The code is implemented for python 2.7 and requires no special dependencies.
- parse.py: invokes the package to extract info from sample text filess
- train_classifier.py: estimates the person name classifier from training data.
- BusinessCardParser/: python package implements the solution.
- data/: training data for name classifier and test data for business cards.
To parse txt files containing business card output,
python parse.py -m data/name.model data/tests/*
To train the name model on different data,
python train_classifier.py -f data/name.model data/train/names.txt
Each line of the business card is scored against three extractors (name, number, email). The extractors are either regexes or simple classifiers.
A permissive regex is used. It is not RFC-5322 compliant since that standard is extremely flexibile and this application is very simple.
I assume the @ sign is unlikely to often appear in business cards, so ensuring full compliance with the standard is unnecessary at this point.
A regex first identifies a phone number.
- Only matches U.S. phone numbers (1-111-111-1111)
- Tries to extract extensions if present
If multiple numbers are present, a second pass looks at the whole line for context of a primary phone number.

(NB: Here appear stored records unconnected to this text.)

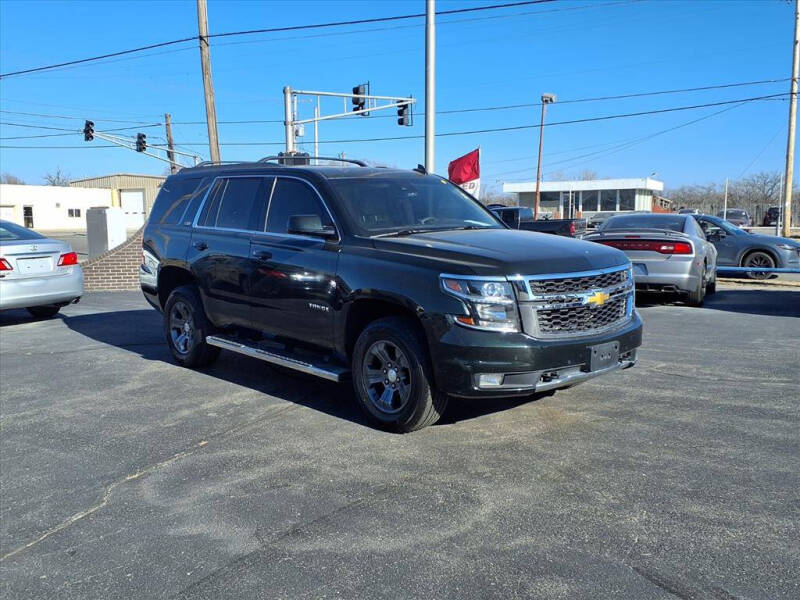 2016 Chevrolet Tahoe LT's photo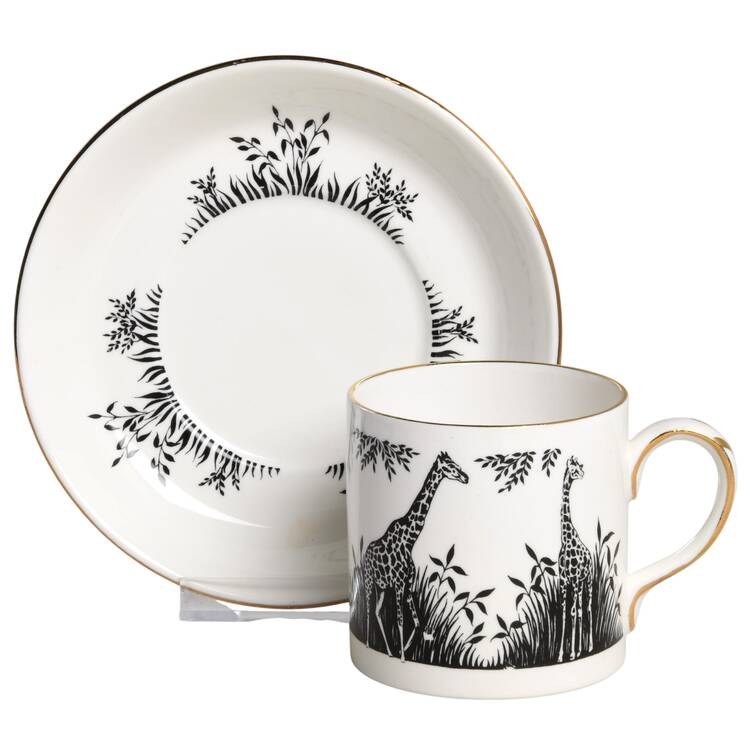 CRS3 Flat Cup & Saucer Set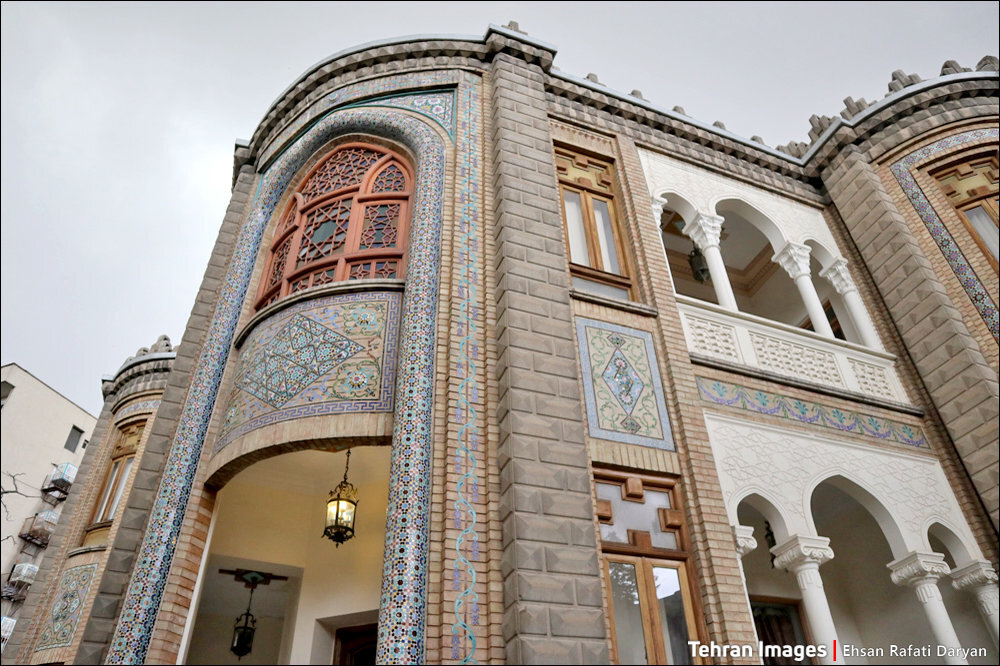 تصاویر مدرن‌ترین خانه تاریخی در تهران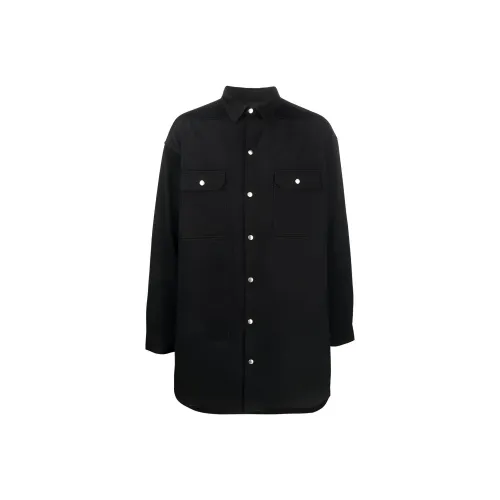 RICK OWENS совместный бренд Черные Мужские Куртки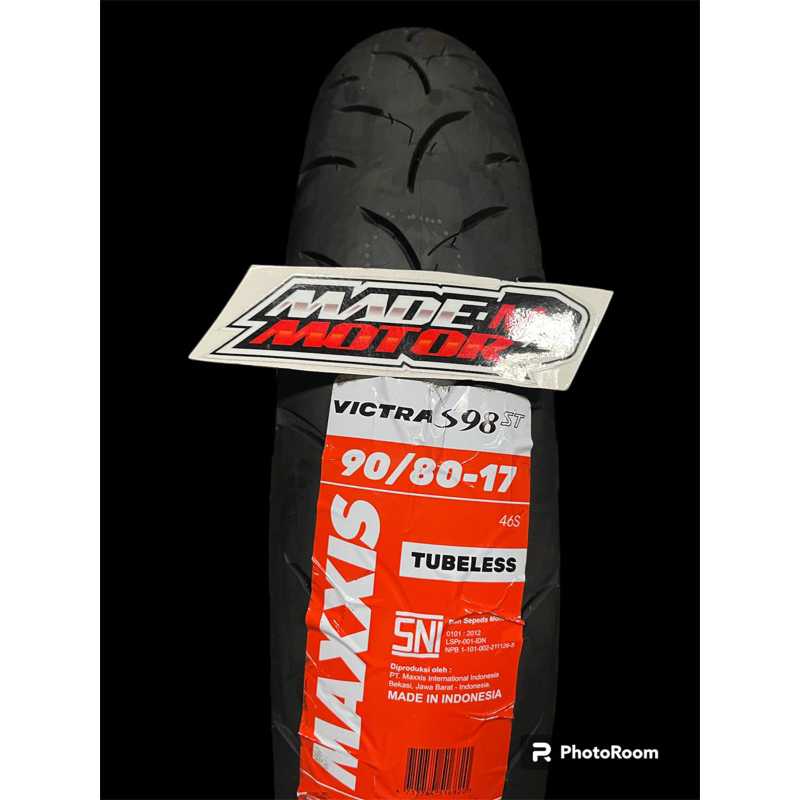 Ban Maxxis Victra 90/80 17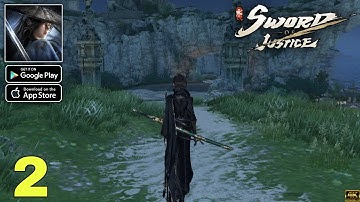 SWORD OF JUSTICE ( Ni Shui Han ) CN Gameplay walkthrough part 2 (Android/iOS)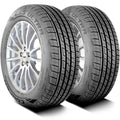 Pair of 2 All Season Touring Tires 255/45R19 104V XL A764107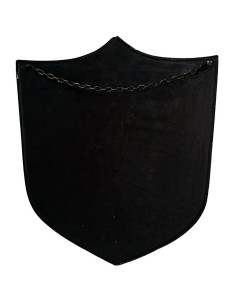 Bouclier avec gravure de la couronne 2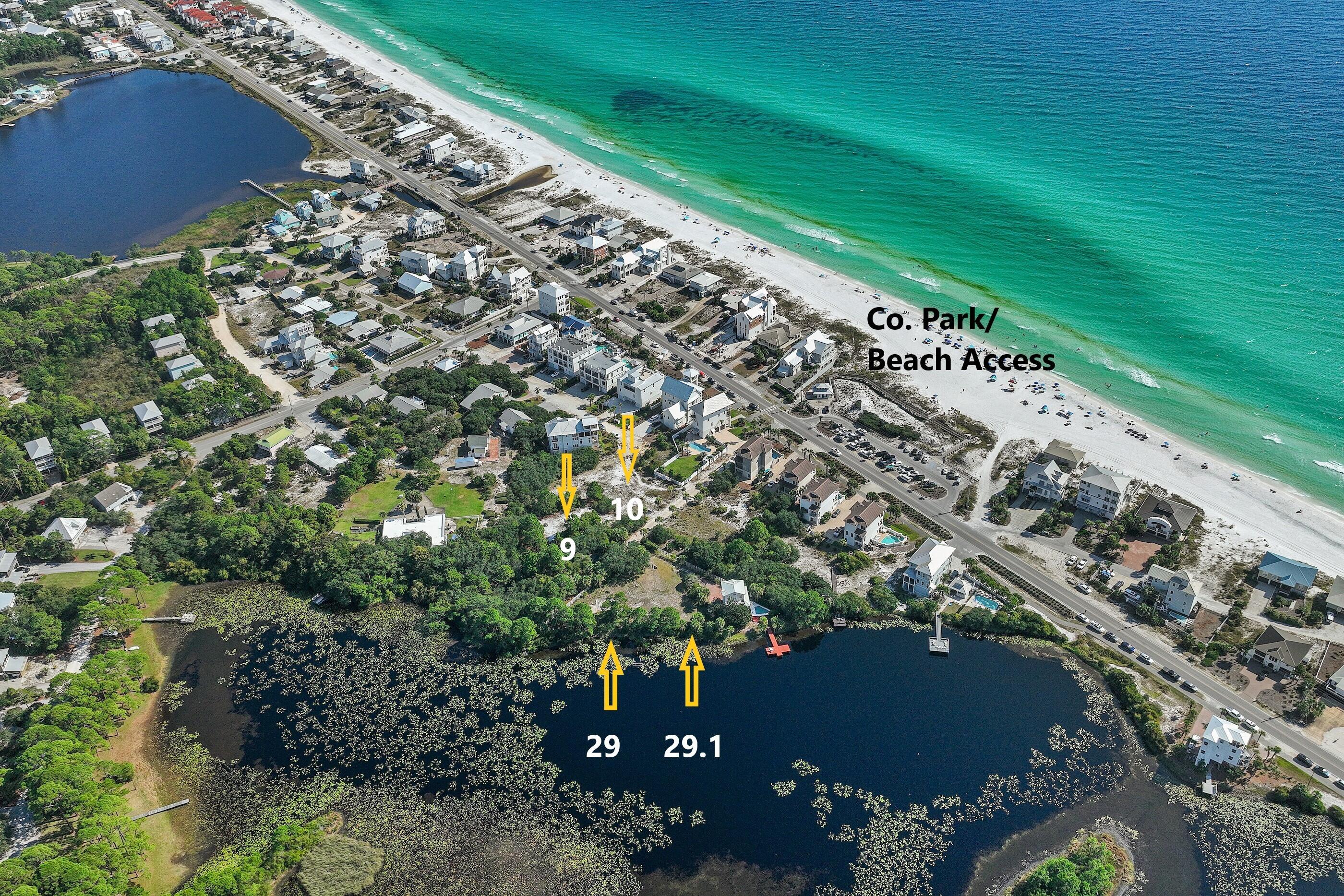 9 & 10 W County Highway 30a Santa Rosa Beach FL 32459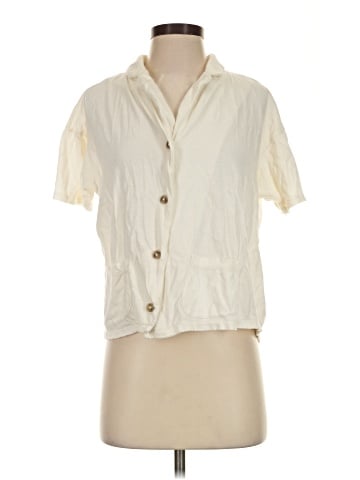 Mystree Short Sleeve Blouse (view 1)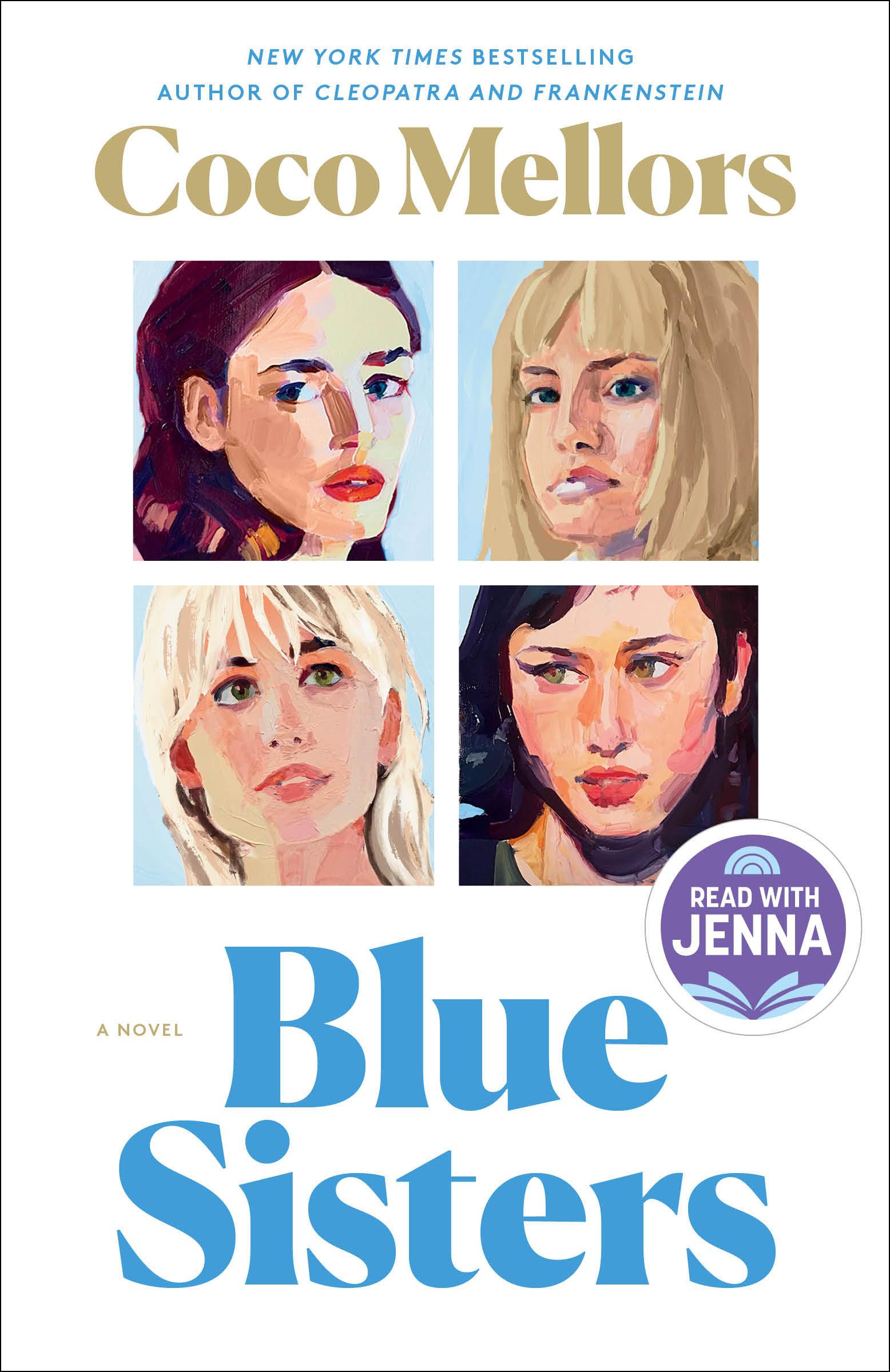Vorderes Coverbild Blue Sisters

If multiple primary numbers are found, the top-most one is selected.
Positive Indicators
- tel
- telephone
- phone
- office
- work
- p
- number
- direct
Negative Indicators
- fax
- cell
- home
- f
- mobile
Further extensiosn to the code could add:
- non-U.S. phone numbers
- slot filling to populate work/cell/home
A naive bayes classifier built on character 4-grams is used.
Common first and last names came from http://names.mongabay.com/
A training corpus was then randomly generated from these word lists. From here, 4-gram frequencies were estimated with a small smoothing penalty.
The most likely line unde this model is selected as the name.
Extensions could add:
- a discriminative classifier based on name vs. company
- character sequence models built on a language model or recurrent neural networks
- better training data based on real first and last name pairs
- move code to scipy/numpy. For dependency simplicity, I did not use these libraries.